Utah Vape Shops Protest Bill to Ban Flavored Vapes

Utah vape flavor ban bill

Chants of “We vape, we vote” echoed through the Utah Capitol as vape shop owners organized a protest against a bill that would ban flavored vapes, claiming it would cripple their businesses.

SB61 Seeks to Curb Youth Vaping

Senate Bill 61, which would prohibit the sale of flavored e-cigarettes and vaping products lacking FDA approval, has advanced in the legislature with wide support.

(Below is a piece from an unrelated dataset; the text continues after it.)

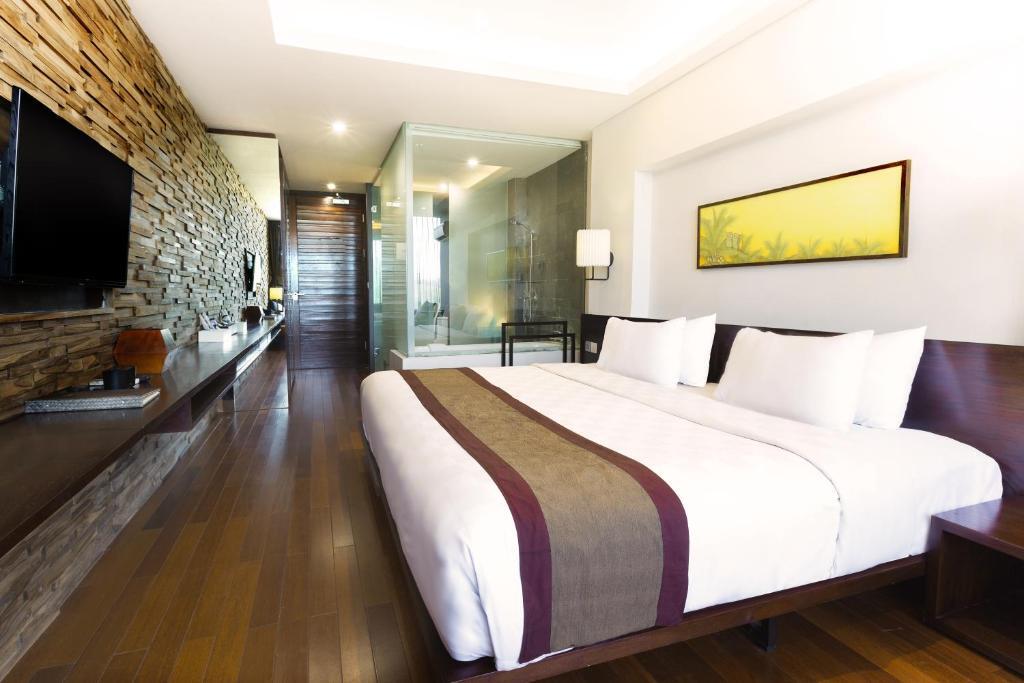 Watermark Hotel & Spa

Bill sponsor Senator Jen Plumb says the legislation aims to prevent flavored vapes from continuing to serve as a gateway to lifelong nicotine addiction for Utah youth.

Recent survey data shows the vast majority of underage vapers prefer sweet, alcohol- and candy-flavored products over tobacco flavors.

“I know that sounds very nannyish,” said Plumb, a physician. “But I don’t know anyone with nicotine dependence who wouldn’t take back picking up the habit when they were younger.”

Vape Shop Owners Claim Bill Favors Big Tobacco

Owners of Utah’s numerous vape shops protested SB61 would destroy their businesses, arguing it gives an unfair advantage to major tobacco companies.

They believe the ban on flavored vapes beyond tobacco and menthol flavors would steer adults back to traditional cigarettes while blocking access to products that help people quit smoking.

Protesters accused “big tobacco” interests of pushing SB61, despite claims to the contrary from supporters. Vape shop owners asked lawmakers to instead enhance security measures to keep vapes out of minors’ hands.

“If this committee had the courage to ban all tobacco products, I would walk away from every single one of my businesses,” said vape shop representative Beau Maxun.

Supporters Dismiss Claims of Anti-Business Motives

Senator Plumb contends SB61 is not intended to shut down vape shops, but acknowledged it would likely force business model adjustments.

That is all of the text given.